● Assigned task:
Nothing outside the lines below from the one containing "Rooms in Lille - photo 4" through the one containing "Steven Adler Channels" is to be printed; print those exactly, ends included, and drop the pictures.

● Data for this exercise:

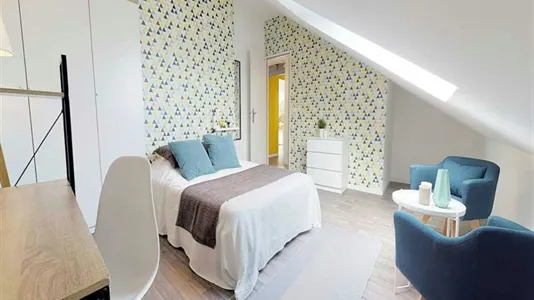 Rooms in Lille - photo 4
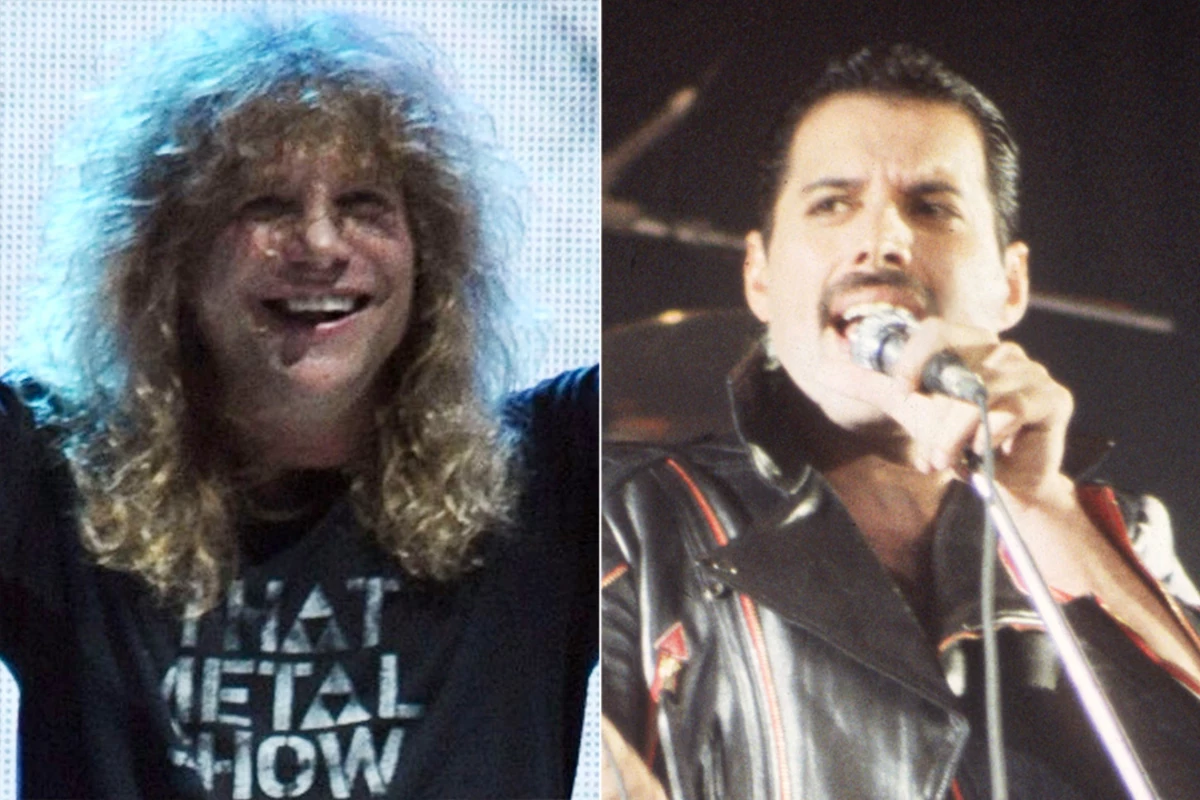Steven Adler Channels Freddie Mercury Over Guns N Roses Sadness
--
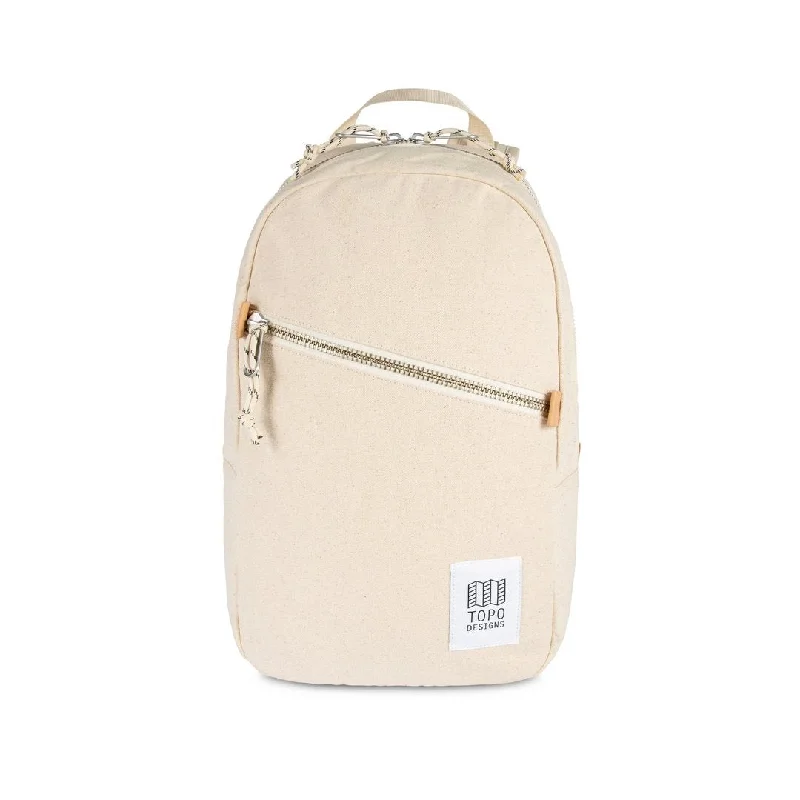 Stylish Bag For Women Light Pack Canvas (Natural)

● Written answer:
 Rooms in Lille - photo 4
Steven Adler Channels Freddie Mercury Over Guns N Roses Sadness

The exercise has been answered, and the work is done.